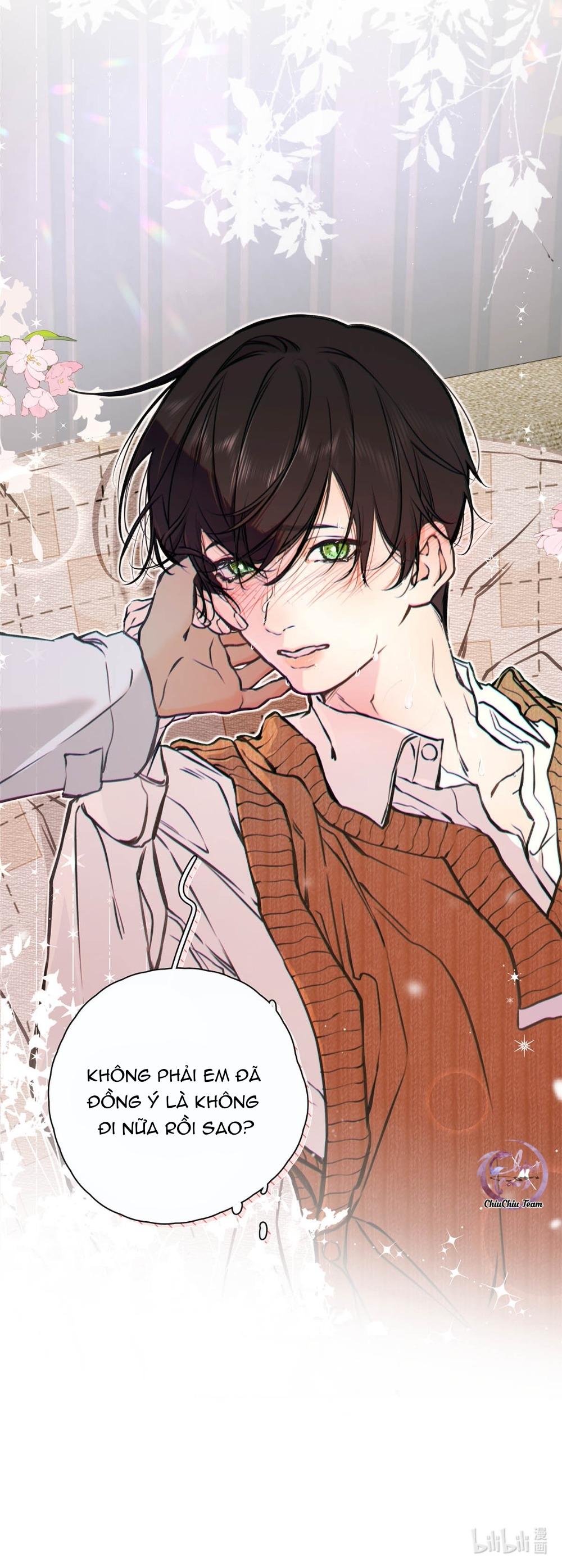 Đọc truyện Bắt đầu làm bạn trai từ số 0 - Chapter 6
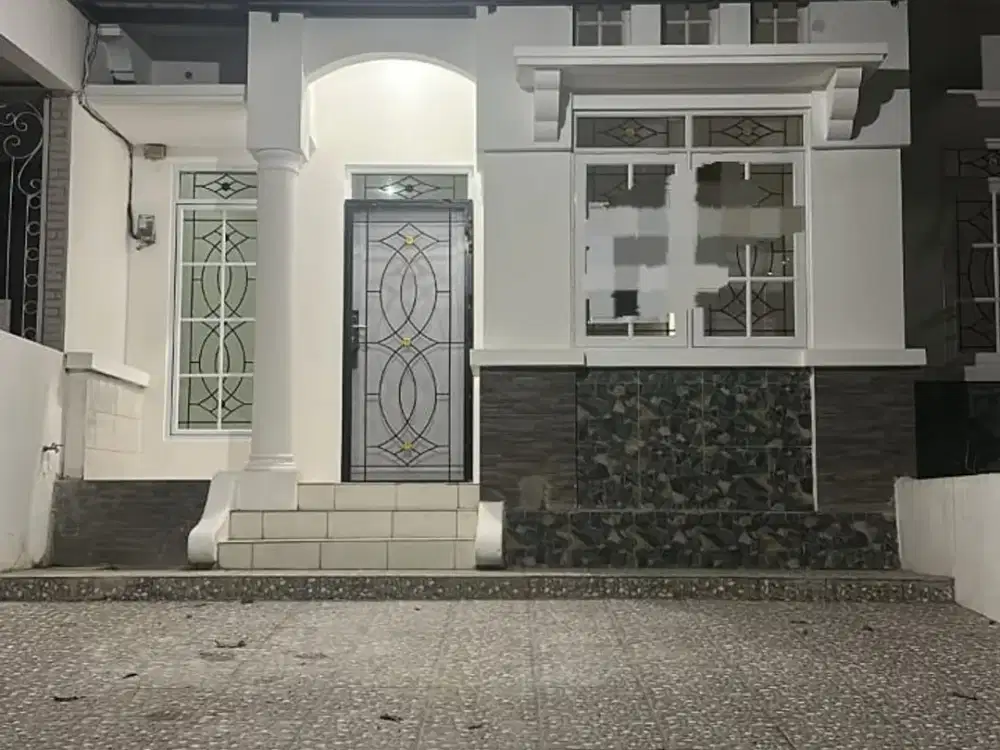 Disewakan Rumah di Cluster Taman Dago Lippo Cikarang — Harga Terbaik!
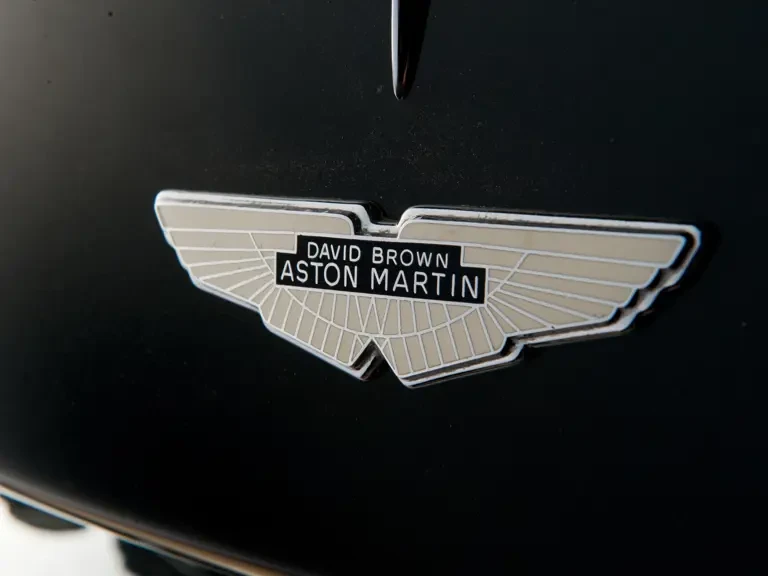 1958 Aston Martin DB1 & DB2 & DB2/4 & DB Mark III - Image 7 of 21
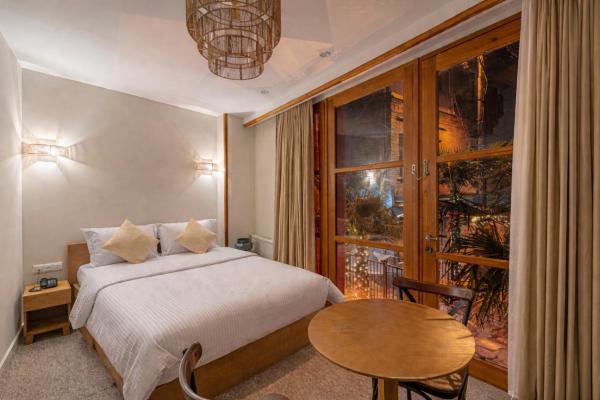 Palm Tbilisi Boutique Hotel - Tbilisi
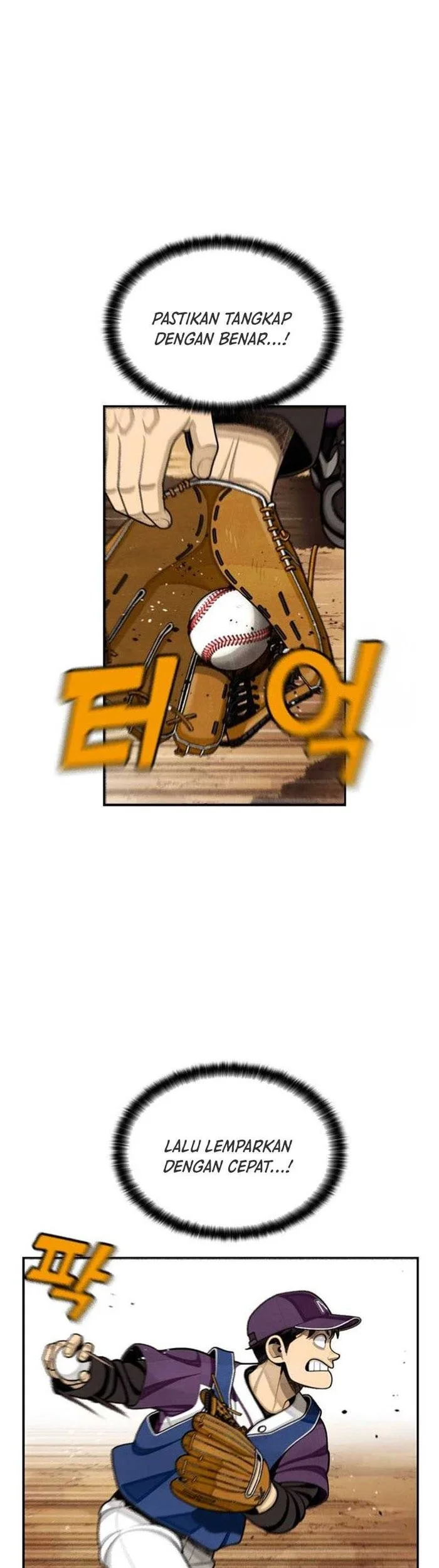 Not Over Chapter 9 Gambar 37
---
## ABOUT THIS EXERCISE
Could the data be reproduced exactly, with the pictures omitted?

## ANSWER TO THIS PROBLEM
 Đọc truyện Bắt đầu làm bạn trai từ số 0 - Chapter 6
 Disewakan Rumah di Cluster Taman Dago Lippo Cikarang — Harga Terbaik!
 1958 Aston Martin DB1 & DB2 & DB2/4 & DB Mark III - Image 7 of 21
 Palm Tbilisi Boutique Hotel - Tbilisi
 Not Over Chapter 9 Gambar 37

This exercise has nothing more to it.